Amino acids are one of the essential nutrients in livestock diets, which play a significant role in body function. Precision feeding techniques help to better estimate amino acids requirements and optimise animal performance.
Precision feeding is defined as a management concept that is based on the existence of in-field variability and involves the continuous estimation of nutrient requirements based on the status of each animal and patterns of feed intake and growth to provide the right amount of tailored feed at the right time.
Precision feeding techniques can be an efficient approach to improving nutrient efficiency while ensuring the sustainability of feeding livestock the required amino acids.
Amino acids − one of the essential nutrients in livestock diets − are the building blocks of proteins and play an important role in vital processes such as cell and hormone synthesis, muscle and tissue repair, boosting the immune system, functioning of neurotransmitter and enzymes, and other biological processes. The metabolic body weight of an animal, the endogenous amino acid losses from the gut and dietary factors, such as dry matter intake, are the main contributors to maintenance amino acid requirements.
There are mathematical models that can be used to estimate the daily amino acid requirements of livestock and the optimal dietary concentrations for each individual in the herd according to body weight and actual growth and feed intake patterns. The appropriate model is a combination of empirical and knowledge-based mechanistic components.
In the empirical model, daily feed intake and daily body weight gain are estimated for each individual animal using empirical equations that are calibrated on a daily basis from individual animal information. The objective of this approach is to follow in real time dynamic average feed intake and body weight trajectories of each animal without considering short-term variation over time and temporary drops in performance.
In the mechanistic model, body weight, daily feed intake and daily body weight gain are the driving variables. The objective of this approach is to estimate the amino acid requirements of each individual animal and the optimal concentration of amino acids that should be provided in the tailored diet.
The proper implementation of precision feeding in livestock production systems is based on factors such as proper assessment of the nutritional potential of feed ingredients, continuous sensing of process responses such as body weight, daily feed intake and daily body weight gain, the application of automatic equipment at an appropriate frequency and adjusted with information from process controllers, determination of the exact nutrients requirements, formulation of premixes that limit the amount of excess nutrients, dietary supply adjustment and modification of nutrients concentration to match the nutritional requirements of each animal.
Practical on-farm application of precision feeding systems requires designing and developing automatic feeding systems to provide dietary quantity and composition adapted to the daily needs of each farm animal. Precision feeding systems require sensors, controllers, and actuators with robust and efficient management and control systems and with the capacity for complex data processing. Additionally, these systems must be able to meet the demand for a high number of processes to be executed cooperatively by all on-farm feeders in real-time.
Animals raised under farm conditions are frequently exposed to different environmental (stocking density, space allowance and temperature), nutritional (change in diet composition or raw material, mycotoxin contamination and some antinutritional factors) or social (animal mixing) stressors. This is why the models designed to estimate amino acid requirements in real-time need to be adjusted to deal with individuals exposed to stressors.
In addition, nutrient requirements vary in form and magnitude between individuals in a population. Using the average individual animal in a population to estimate nutritional requirements means that the needs of a large number of individuals will not be met and, as a result, the response of the animals will not be optimised.
On the contrary, in animals that are receiving quantities of nutrients exceeding their requirements, nutrient efficiency is decreased, and nutrient excretion is enhanced. Furthermore, designing and developing on-farm precision feeding systems is time-consuming and expensive, and it is necessary to validate and test them prior to their actual use on farms.

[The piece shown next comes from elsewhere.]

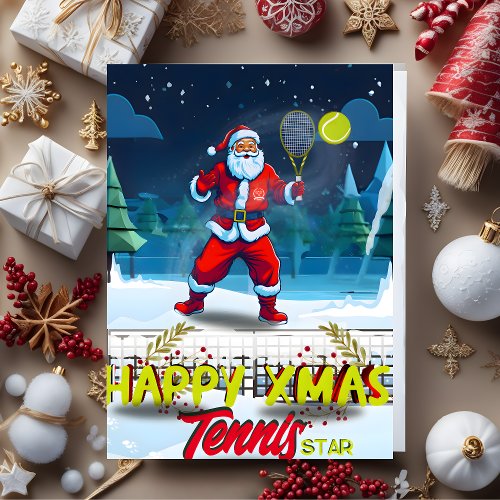 Santa Claus Playing Tennis Vintage Christmas Card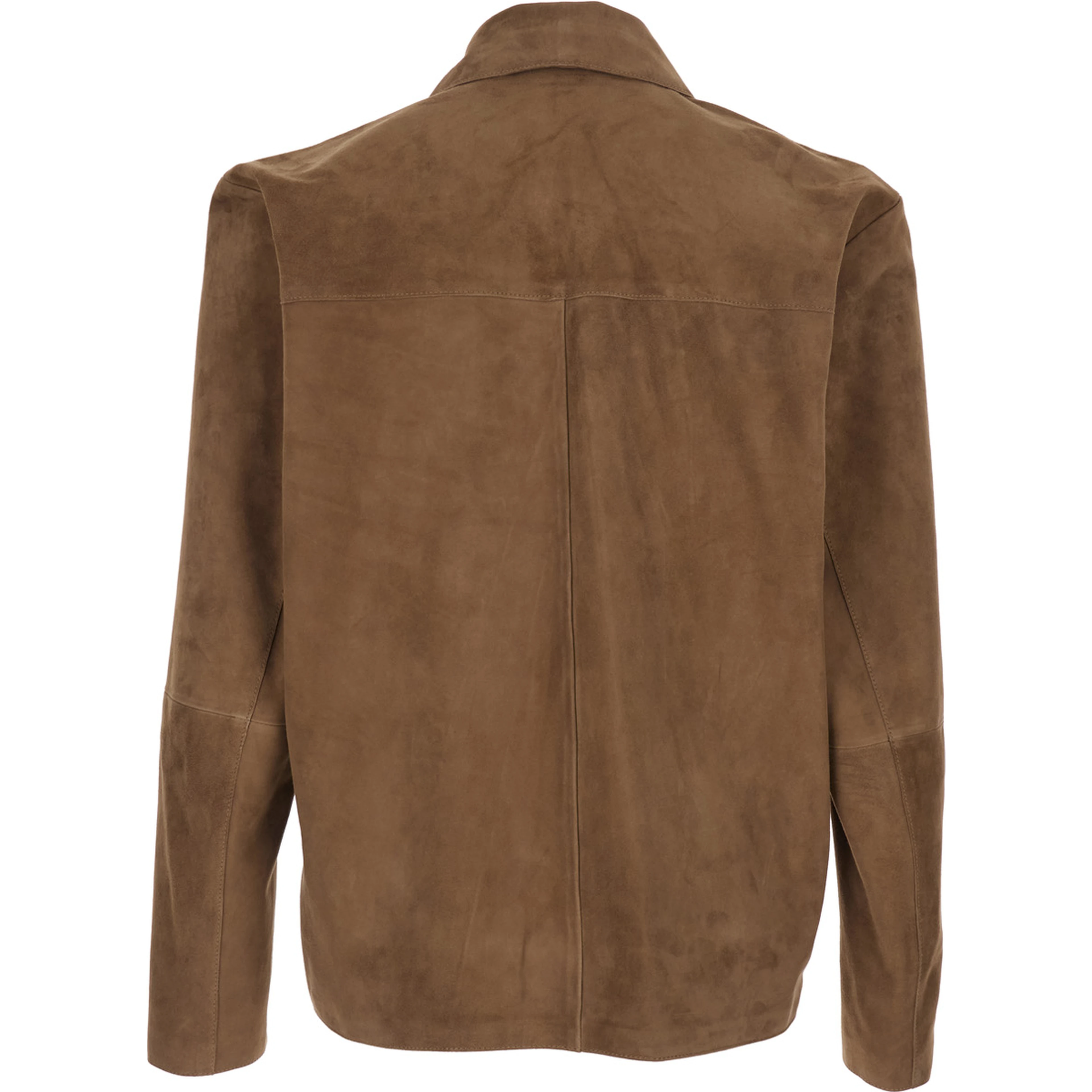 Brown Jacket with Classic Collar In Suede for Men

Moreover, practical application of precision feeding systems can be difficult because it requires estimating the nutrient requirement of each animal in a short period after filtering and cleaning all the data collected by sensors. Likewise, automatic precision feeding systems are able to feed a limited number of animals, so a considerable number of feeding units are needed, depending on the total number of animals. Therefore, further research is necessary to resolve these challenges and to ensure the sustainability of livestock feeding systems.
In conclusion, the combined mathematical model can monitor the average feed intake and feed weight trajectory of each individual animal in real-time with good accuracy and it allows the estimation of the amino acid requirements of each animal and the optimal dietary amino acid concentrations by considering the changes in animal feed intake and growth patterns.

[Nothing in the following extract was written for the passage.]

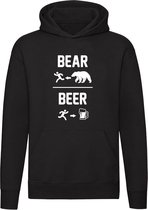 Bear of Beer | bier | drank | alcohol | zuipen | kroeg | grappig | feest | dier | Unisex | Trui | Hoodie | Sweater | Capuchon | Zwart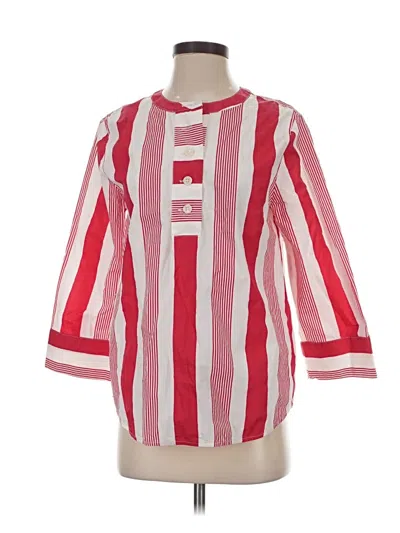Pre-owned Jcrew 3/4 Sleeve Button Down Shirt In Red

In addition, on-farm application of precision feeding systems requires the design of new and complex equipment which presents significant challenges relating to the complexity, reliability, cost-effectiveness of the design process and its testing and validation. Integrating a framework in the precision feeding system that makes it possible to identify and estimate amino acid requirements for individuals with atypical feed intake patterns is the next step towards a more efficient approach on commercial farms.